Problem to solve — Nothing outside the lines below from the one containing "Plataforma de salto para gatitos" through the one containing "ג'איפור Hotel Royal" is to be printed; print those exactly, ends included, and drop the pictures.

(Records contained in a dataset)

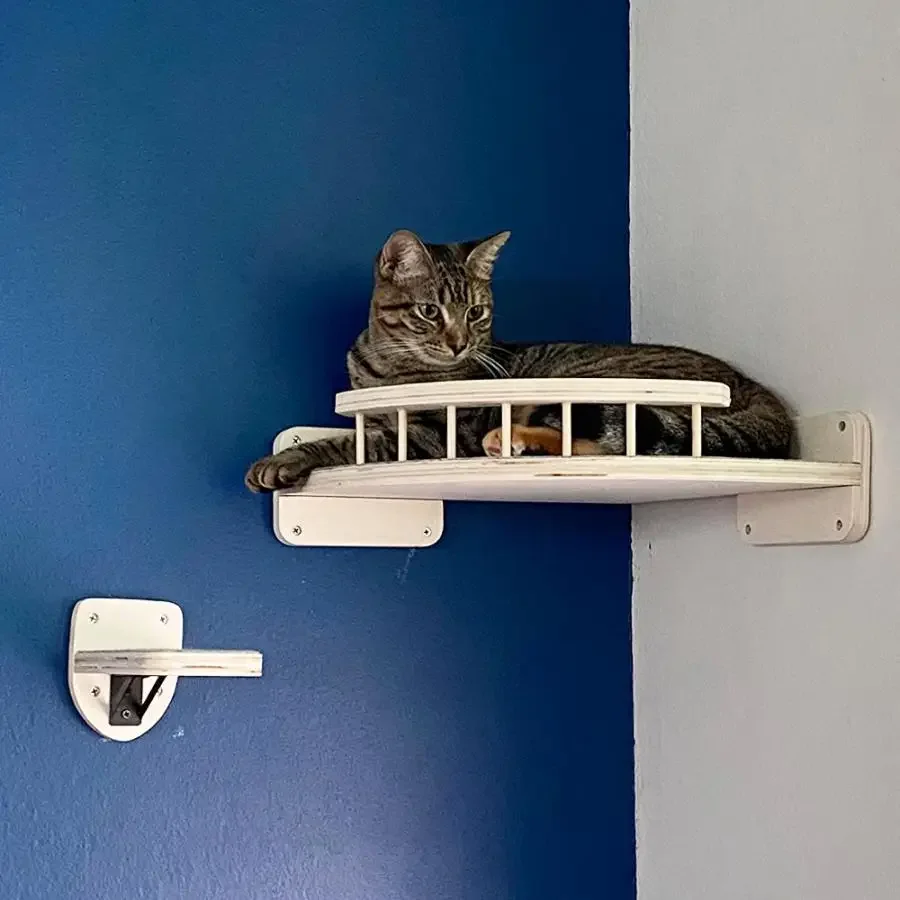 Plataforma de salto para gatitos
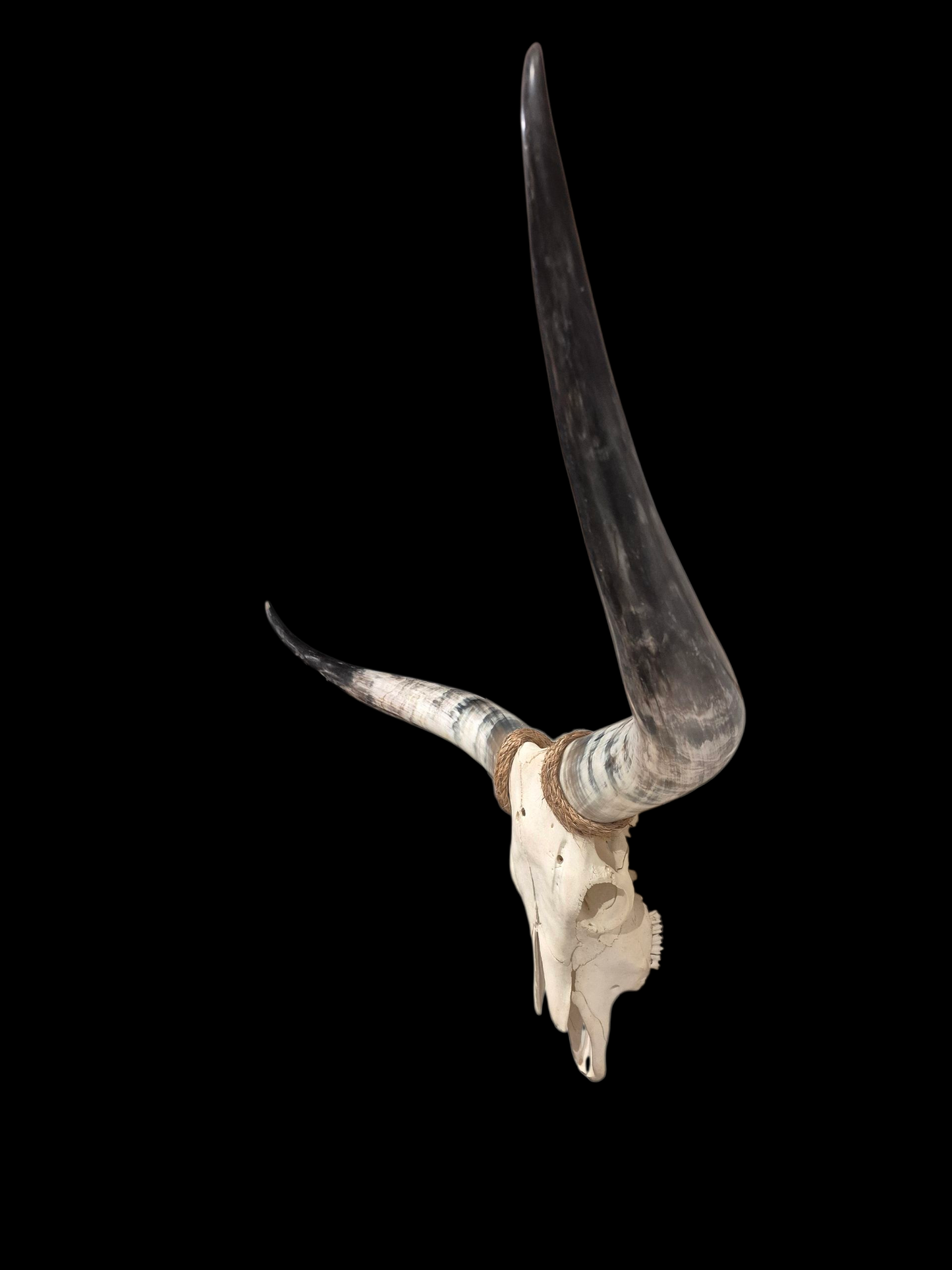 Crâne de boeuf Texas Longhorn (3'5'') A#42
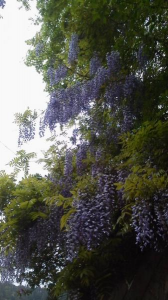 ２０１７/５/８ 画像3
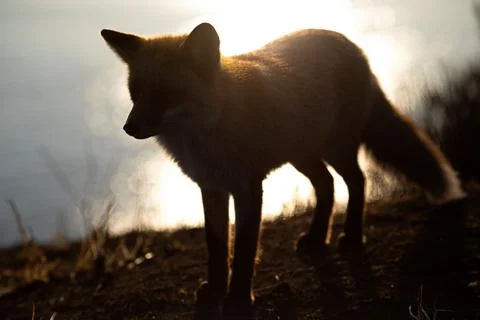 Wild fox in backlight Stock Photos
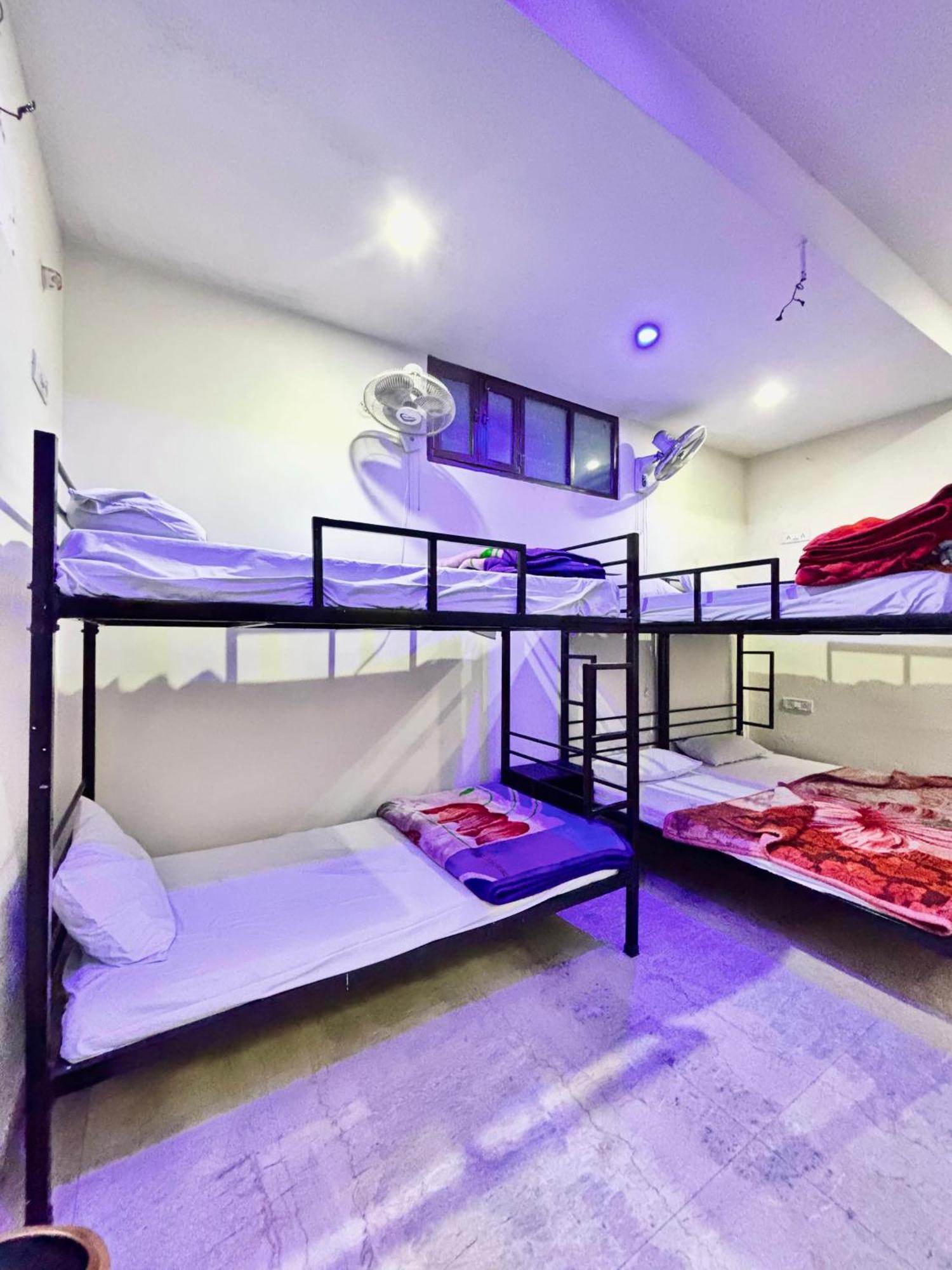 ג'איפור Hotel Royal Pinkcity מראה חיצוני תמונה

==

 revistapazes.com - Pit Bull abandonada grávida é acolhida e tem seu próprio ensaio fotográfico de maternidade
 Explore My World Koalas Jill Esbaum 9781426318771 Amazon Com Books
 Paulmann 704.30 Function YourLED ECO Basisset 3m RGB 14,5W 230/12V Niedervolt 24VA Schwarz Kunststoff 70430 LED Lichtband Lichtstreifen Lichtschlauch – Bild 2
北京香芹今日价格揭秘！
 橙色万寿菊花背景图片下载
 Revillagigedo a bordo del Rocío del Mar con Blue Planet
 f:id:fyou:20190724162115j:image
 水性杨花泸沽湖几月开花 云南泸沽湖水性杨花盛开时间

* * *

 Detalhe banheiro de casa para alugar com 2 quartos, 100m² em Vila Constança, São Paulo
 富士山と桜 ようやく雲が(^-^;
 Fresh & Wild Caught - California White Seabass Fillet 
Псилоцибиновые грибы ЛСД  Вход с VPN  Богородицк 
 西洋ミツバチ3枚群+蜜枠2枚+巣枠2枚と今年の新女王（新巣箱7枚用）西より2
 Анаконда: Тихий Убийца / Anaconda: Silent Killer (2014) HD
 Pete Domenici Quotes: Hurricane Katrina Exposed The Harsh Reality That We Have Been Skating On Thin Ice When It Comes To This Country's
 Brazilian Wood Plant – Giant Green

Task response —
 Plataforma de salto para gatitos
 Crâne de boeuf Texas Longhorn (3'5'') A#42
 ２０１７/５/８ 画像3
 Wild fox in backlight Stock Photos
 ג'איפור Hotel Royal Pinkcity מראה חיצוני תמונה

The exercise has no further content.